A useful formative assessment technique that’s accessible to anyone is the “just five words” strategy. Students are simply required to jot down five words to sum up their key takeaway from the lesson. You can then ask them to explain or justify their choices in a class follow-up session. As part of this strategy, you may also want to introduce the “muddy moment” concept. This allows students to jot down the things that confused them most about the lesson. This helps you to immediately spot any points that need further clarification so you can address them early on.

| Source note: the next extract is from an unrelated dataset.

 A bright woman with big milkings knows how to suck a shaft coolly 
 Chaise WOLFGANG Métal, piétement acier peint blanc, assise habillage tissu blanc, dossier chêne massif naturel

The three-two-one technique

Regardless of the subject matter, the three-two-one technique allows any teacher to pinpoint learning strengths and weaknesses in their cohort. At the end of each lesson, have students jot down three things that they learned, two interesting facts that they discovered, and a question that still remains unanswered. This formative assessment strategy enables students to clarify their learning and to raise questions without any worries. It also allows teachers to see which points (if any) require further elaboration in the upcoming lesson.

You have mail

A fun way to carry out formative assessment involves students writing a single question about the topic that they’ve been studying on an envelope. They then write the answer on a piece of paper and stick it inside the envelope. The envelopes are then swapped between classmates. Every learner reads the question and writes their own response to it on their own piece of paper. They then read the answer inside the envelope before putting their own answer slip inside. Once the envelopes have been passed around the classroom, they are then returned to the teacher’s desk. The teacher then acts as a facilitator for a class discussion, reading each question and the various answers to it in turn.

Color-coded cards

A very simple way to instantly assess learning involves the use of color-coded cards. This is an especially effective strategy when working with young learners. Give each child three colored cards — red, green and yellow. The red card means that the student is struggling and needs extra explanation. The green card means that they understand and are happy to keep going. The yellow card means that the student is experiencing some confusion and could benefit from a little clarification. When demonstrating something new, the teacher simply asks the class to show which card best represents their feelings about the lesson. You can then see at a glance which students need more support.

Student and teacher smiling
Photo: Google Edu

The benefits of checking for understanding after every lesson

Although teachers are more used to using summative assessments to determine their students’ understanding at the end of each topic, there is a strong argument for the regular use of formative assessment strategies in every classroom. Formative assessment allows teachers to assess their class’s progress after each lesson. You can instantly determine whether your lesson plan has been effective or whether it needs improvement. You can also use the results of your formative assessment to efficiently plan the next steps in your class’s learning to ensure the best possible outcomes.